Claim id	Main claim	Support	Evidence anchors
C1	Streaming video generation is a more cost-effective target for video test-time scaling than standard diffusion-video search because chunks use a smaller local search space and fewer denoising steps.	4	problem framing, contribution framing, pipeline
C2	Stream-T1 is a three-part active test-time framework rather than plain candidate selection: it propagates noise, prunes by rewards, and updates memory.	5	method overview, method map, pipeline, search trajectory
C3	Noise propagation correlates the current chunk's initial noise with the previous best trajectory while preserving a standard Gaussian marginal.	5	key equations, noise propagation
C4	Reward pruning combines frame-level spatial quality and sliding-window temporal quality, then prunes a beam-expanded pool from \(K \times M\) candidates back to top \(K\).	5	reward pruning, key equations, method map
C5	Memory sinking uses reward feedback to decide whether evicted KV-cache chunks are discarded, EMA-compressed, or appended as new long-term anchors.	5	memory sinking, key equations, pipeline
C6	Against CausVid, Self-forcing, and LongLive, Stream-T1 reports the strongest overall 5-second and 30-second benchmark profile, with a few metric-specific exceptions.	4	short-video results, long-video results, 5s table, 30s table, qualitative results
C7	Compared with passive test-time scaling baselines, the active Stream-T1 intervention is stronger on most 30-second metrics, but the recovered table shows Best-of-N higher on imaging quality.	3	TTS comparison, TTS table
C8	The ablation supports all three modules as useful for temporal consistency, although the best imaging-quality number comes from removing memory sinking.	4	ablation evidence, ablation table, ablation figure

Core Technical Idea

The core technical idea is to make every generated chunk depend on a rewarded history, not only on the model's default autoregressive state. Built on LongLive, Stream-T1 maintains a beam of candidate histories. Before producing a new chunk, it initializes the chunk's noise from historically successful noise. After generation, it scores the expanded candidate set using both image- and video-level reward models. After pruning, it updates memory according to whether the evicted context is high quality and whether it marks a transition. This flow is summarized in Table 2.

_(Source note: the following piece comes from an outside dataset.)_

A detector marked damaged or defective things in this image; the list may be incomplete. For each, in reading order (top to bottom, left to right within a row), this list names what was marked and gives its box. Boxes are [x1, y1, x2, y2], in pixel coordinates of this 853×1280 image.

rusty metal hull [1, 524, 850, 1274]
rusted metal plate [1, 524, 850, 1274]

**Figure 1. Stream-T1 chunk-level test-time scaling pipeline.** Each chunk passes through noise propagation, reward pruning, and memory sinking. Provenance: source label `fig:pipeline`, original LaTeX asset `fig/pipeline.png`, copied from the ranking cache to `figs/fig001_01_pipeline.jpg`.

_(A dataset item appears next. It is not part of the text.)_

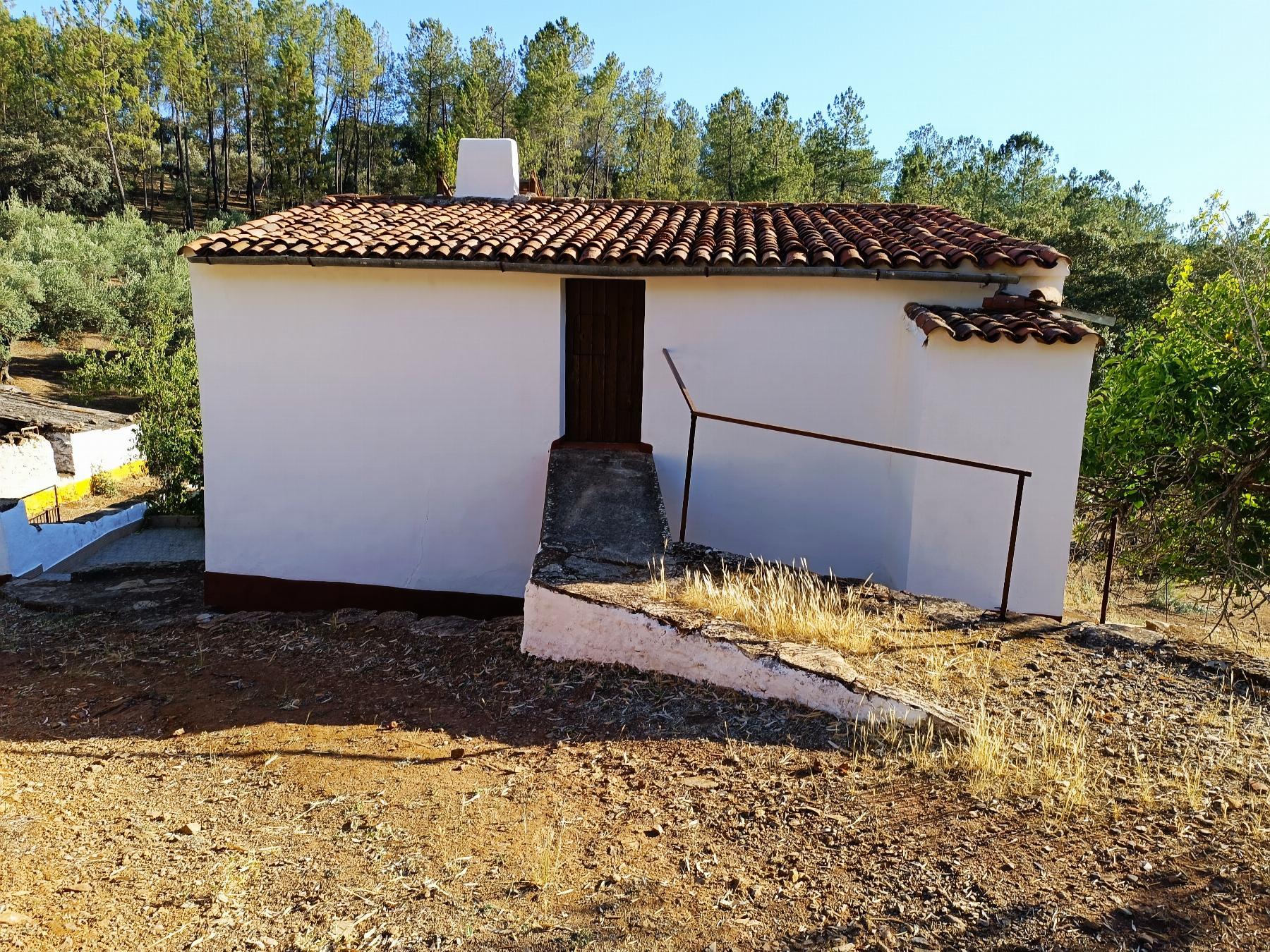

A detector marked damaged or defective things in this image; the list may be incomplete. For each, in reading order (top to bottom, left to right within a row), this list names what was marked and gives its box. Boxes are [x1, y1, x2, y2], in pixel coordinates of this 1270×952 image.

rusty metal handrail [665, 350, 1031, 619]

**Figure 2. Complete search path for the pipeline example.** The source caption links this trajectory to the case shown in Figure 1. Provenance: source label `fig:search`, original LaTeX asset `fig/search.png`, copied from the ranking cache to `figs/fig002_01_search.jpg`.

Component	When it acts	Signal	What it changes	Digest reading
Beam expansion	Per chunk	\(K\) histories expanded by \(M\) alternatives	Candidate pool grows to \(K \times M\)	This is the ordinary search substrate.
Stream-Scaled Noise Propagation	Before synthesis	Previous best noise latent plus fresh Gaussian noise	Initial latent noise for the next chunk	Adds temporal correlation without changing the Gaussian marginal.
Stream-Scaled Reward Pruning	After chunk synthesis	Frame reward and sliding-window video reward	Keeps top \(K\) candidate histories	Balances local aesthetics and longer temporal coherence.
Stream-Scaled Memory Sinking	After pruning	Short-score quality gate and long-score transition detector	Routes evicted KV-cache chunks through discard, EMA, or append	Tries to avoid both context pollution and over-smoothed memory.

The autoregressive diffusion chunk is modeled as a few-step denoising composition:

p_\theta(x^i \mid x^{\lt i}, c) = f_{\theta,t_1} \circ f_{\theta,t_2} \circ \dots \circ f_{\theta,t_T}(x^i_{t_T}).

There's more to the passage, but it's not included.